Subsequently, based on Hyland’s (2005) framework for stance analysis in academic writing, the corpus analysis software AntConc is used to search for stance markers. Given the context-dependent and multifunctional nature of stance (Hyland, 2005), each entry is manually reviewed to exclude irrelevant terms, and the collocations of stance markers are carefully examined. To ensure the reliability of manual screening, 30% of the cases are self-annotated and reviewed by an expert in applied linguistics. After resolving discrepancies and establishing annotation guidelines, the author independently annotates the entire corpus. A month later, the corpus is re-coded, with a Kappa coefficient of 0.96 (calculated using SPSS 26.0), indicating high inter-rater reliability. Finally, the frequency counts of each stance marker are normalised to per thousand words to eliminate the influence of text length.
For Q1, paired-sample t-tests are conducted using SPSS 26.0 to examine whether there are significant differences in the four stance features (hedges, boosters, attitude markers, and self-mention) between the high AI-exposure and low AI-exposure subfields during the pre-technological intervention period (2019–2021). To control for intra-disciplinary heterogeneity, regression models are employed, incorporating topic distribution (e.g. weight of ‘corpus linguistics’ topics) and research methods (empirical, theoretical, mixed) as covariates. This ensures that any observed differences in stance construction are not confounded by variations in topic focus or methodological approaches.

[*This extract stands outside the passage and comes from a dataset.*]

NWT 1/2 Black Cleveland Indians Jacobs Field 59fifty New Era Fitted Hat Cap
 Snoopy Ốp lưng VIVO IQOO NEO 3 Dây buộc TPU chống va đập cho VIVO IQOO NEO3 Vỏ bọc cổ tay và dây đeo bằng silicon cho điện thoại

For Q2, the following regression model is applied using SPSS 26.0: ΔStance construction=β0+β1(High-AI Subfield)+ β2(Post2022)+ β3(High-AI×Post2022)+ γX+ε. ΔStance construction represents the change in stance construction; β₀ is the intercept; β₁ captures the baseline difference between high and low AI-exposure subfields; β₂ accounts for the general temporal effect post-2022; β₃ is the core parameter, representing the net effect of Generative AI on high AI-exposure subfields; X is a matrix of control variables (e.g. topic, methodology); γ represents the coefficients of the control variables; ε is the error term. If β₃ is statistically significant and the control variables (γ) are not, this indicates that the net effect of Generative AI on stance construction is independent of topic and methodological influences. If the control variables are significant, further analysis of interaction effects is required to disentangle the moderating role of these factors.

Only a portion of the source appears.